In questo senso, la serie tv è un vero e proprio viaggio di formazione che vede come pian piano si sgretolano tutte le certezze dei personaggi che non sono del tutto cresciuti.

Eccezione è proprio il protagonista Luffy, che ha anche lui un passato irrisolto che cela dietro un sorriso, ma lui è l’unico che cerca aiuto e dimostra affetto e non ha paura di farlo. Nel suo essere “bambinone”, in un certo senso è il personaggio piú maturo e completo e che ha trovato una risposta positiva ai propri traumi. 

Dal punto di vista tecnico, il live action non è perfetto soprattutto nella velocità, poiché avrebbe avuto maggior senso, con un prodotto del genere, prendersi più tempo per restituire un mondo fantastico con le sue caratteristiche e i suoi problemi. Così facendo, l’adattamento avrebbe avuto il peso di una saga.

Trovo, infatti, che i personaggi di Sanjii e Usopp meritino un ulteriore approfondimento nella seconda stagione e che il personaggio di Coby (Morgan Davies) che è molto presente, meritasse anche lui un flashback, per inserirlo al meglio nella storia.

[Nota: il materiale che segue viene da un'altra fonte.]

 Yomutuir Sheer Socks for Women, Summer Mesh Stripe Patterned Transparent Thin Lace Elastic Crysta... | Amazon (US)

A tal proposito, un approfondimento sulle storie dietro le volontà degli antagonisti (utilizzando anche qui dei flashback) e sull’astio degli uomini pesce sarebbe stato gradito: si poteva esplorare anche il tema della discriminazione razziale mostrandolo, e invece la situazione si è risolta in One Piece attraverso un breve dialogo di Aarlong, il terribile capo degli uomini-pesce, non rispettando assolutamente la regola dell’audiovisivo che dice “show, don’t tell”.

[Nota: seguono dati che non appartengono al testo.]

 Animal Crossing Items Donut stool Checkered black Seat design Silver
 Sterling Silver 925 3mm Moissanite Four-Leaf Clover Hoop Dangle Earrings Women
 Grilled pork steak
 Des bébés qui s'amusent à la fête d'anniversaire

Per quanto riguarda la CGI assolutamente nulla da dire: non trovo assolutamente che sia un pugno in un occhio come descritta da molti e si intreccia molto bene grazie a un buon uso di riprese in loco (molte scene sono girate in Sud Africa e nel primo episodio Sheltz Town è in realtà Positano, Loguetown è Sorrento e le locandine della serie riprendono il profilo costiero di Amalfi), evitando dove possibile green screen e usando molte ricostruzioni di set e prostetiche. 

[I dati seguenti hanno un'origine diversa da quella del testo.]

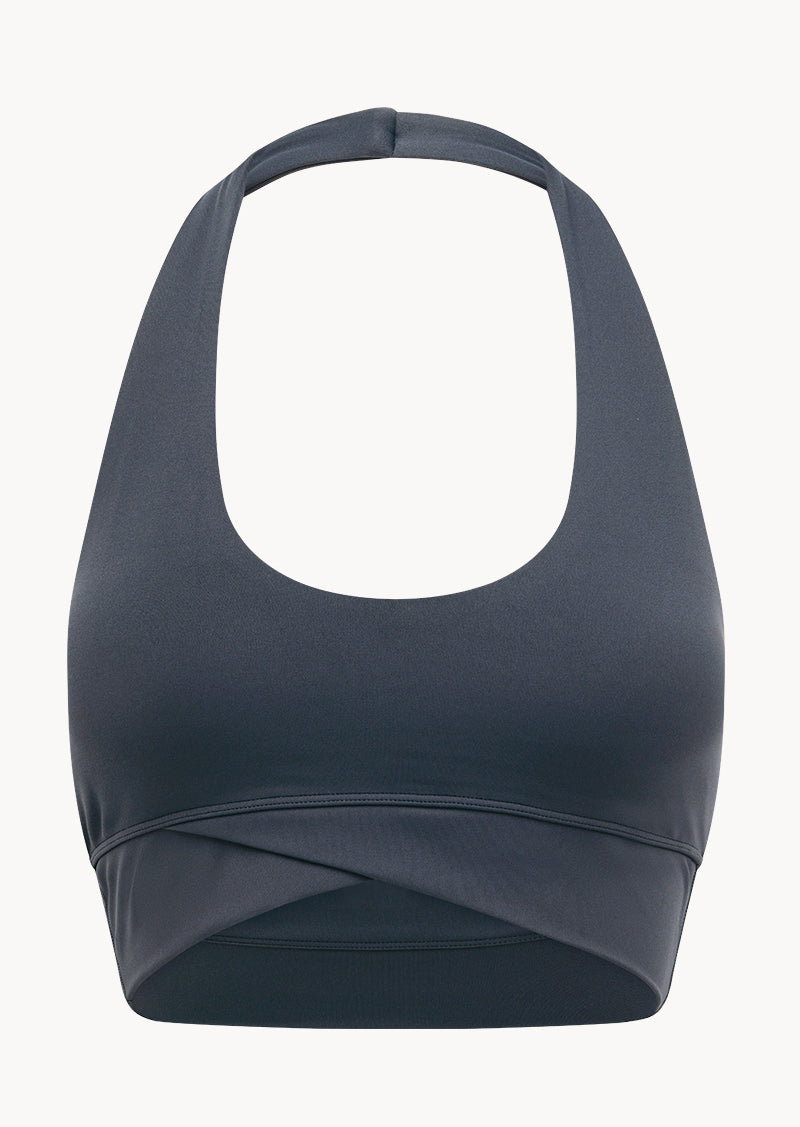 RESET HALTER SPORTS BRA IN MARINE BLUE BY P.E NATION, WOMEN'S ATHLEISURE SPORTS BRA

Mettendo così tanto impegno nella scenografia e popolando le scene con un sacco di stravaganti personaggi di sottofondo, One Piece è in grado di sembrare un luogo vivo con una storia in cui puoi entrare, luogo in cui la serie tv è davvero in grado di brillare per le scene di combattimento fantasticamente coreografate su una colonna sonora coinvolgente, che ti incollano allo schermo senza annoiarti e senza far incrociare gli occhi.

In conclusione, One Piece resta godibile anche per quelli che non amano il fantasy un po’ perché è tutto talmente naturalizzato (l’uso delle luci naturali aiuta molto in questo caso!) che non sembra di star vedendo qualcosa di diverso, ma resta lo stupore dato dai piccoli dettagli come il telefono-lumaca o la corporatura aliena di qualche personaggio. 

C’è anche un dialogo tra diversi generi, infatti l’atmosfera cambia spesso e, come nel caso della storia di Kuro e Usop, si sfruttano elementi thriller e horror per mostrare sullo schermo mistero e inquietudine.

Insomma, One Piece è un bel prodotto da vedere.